What needs to be done: Could you give the entries back exactly as they stand, minus any pictures?

Data extracted from a collection
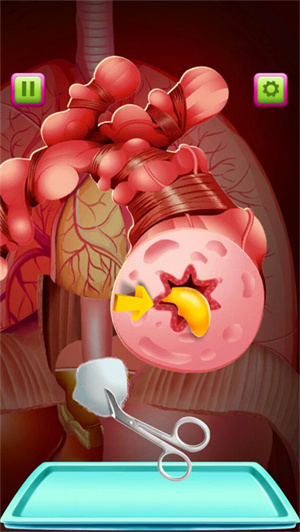 外科医生手术模拟器汉化版最新版新手指南截图6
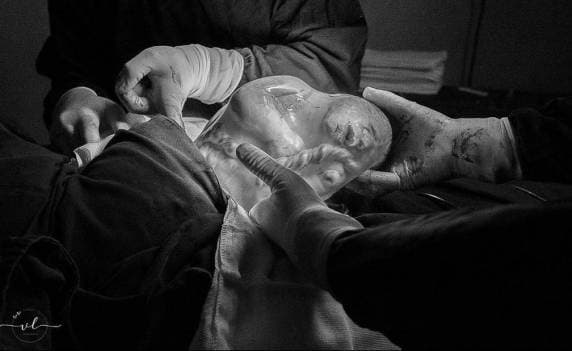 Fotógrafa faz foto e vídeo de nascimento de bebê empelicado em SC; registro é considerado raro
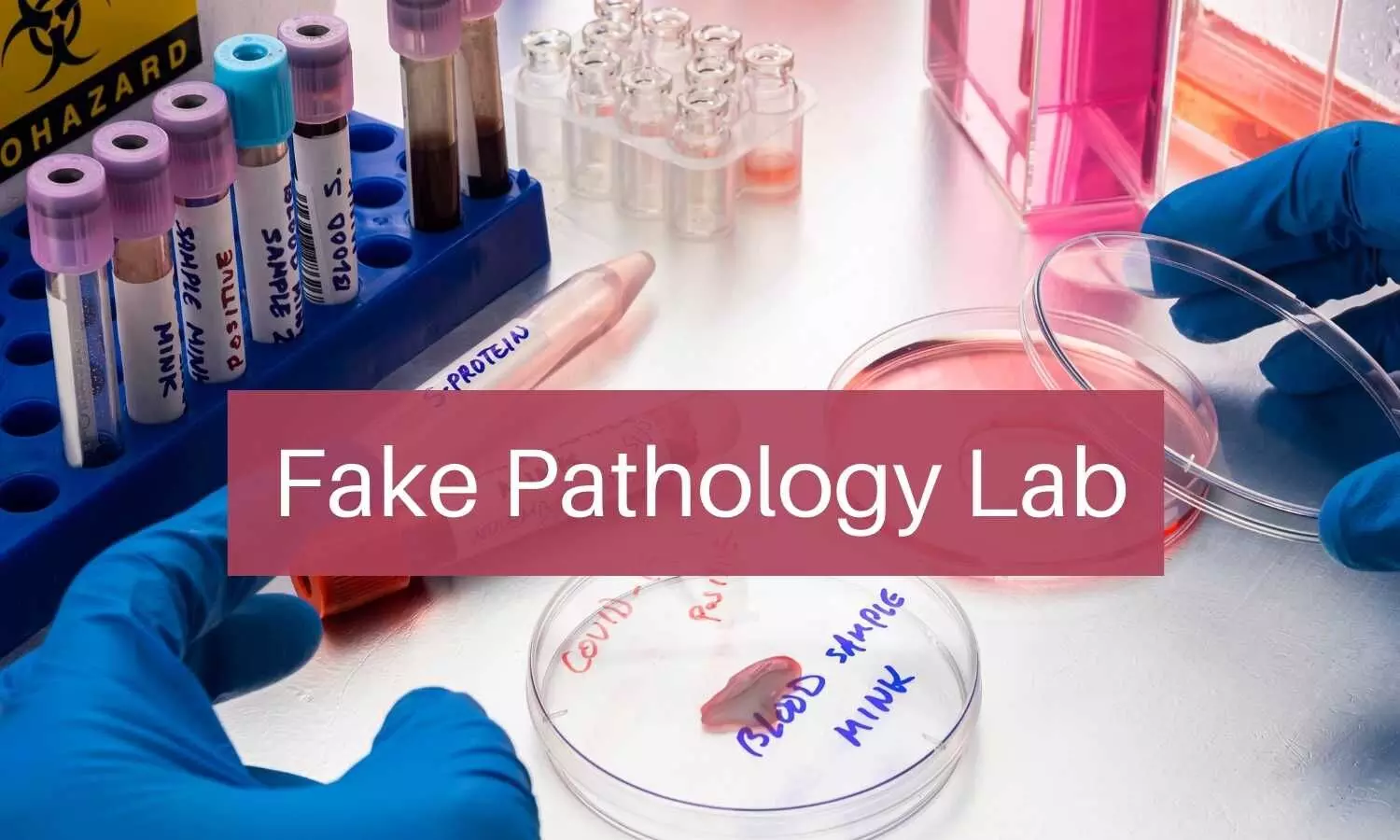 Gurugram: Fake doctor held for running illegal pathology lab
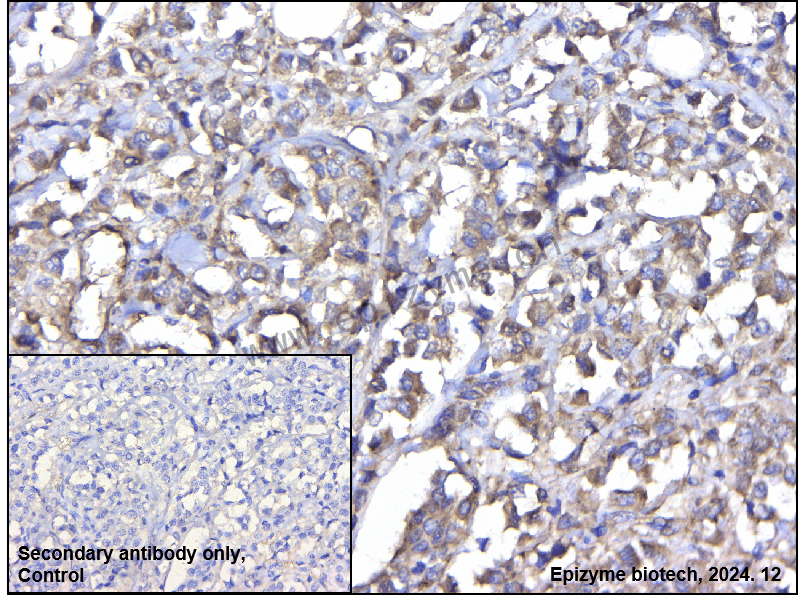 Anti-LIMK1 Mouse mAb [96L52F22]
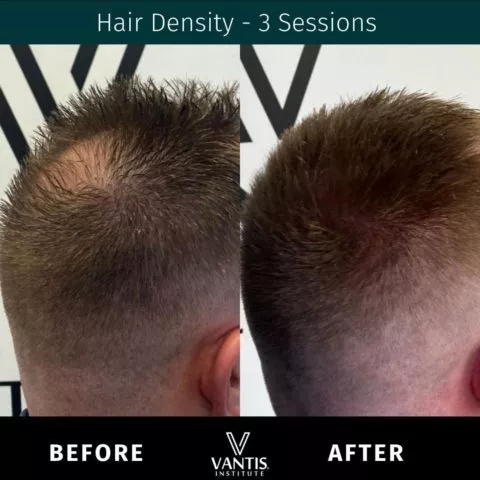 before and after gallery item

Solution to the exercise:
 外科医生手术模拟器汉化版最新版新手指南截图6
 Fotógrafa faz foto e vídeo de nascimento de bebê empelicado em SC; registro é considerado raro
 Gurugram: Fake doctor held for running illegal pathology lab
 Anti-LIMK1 Mouse mAb [96L52F22]
 before and after gallery item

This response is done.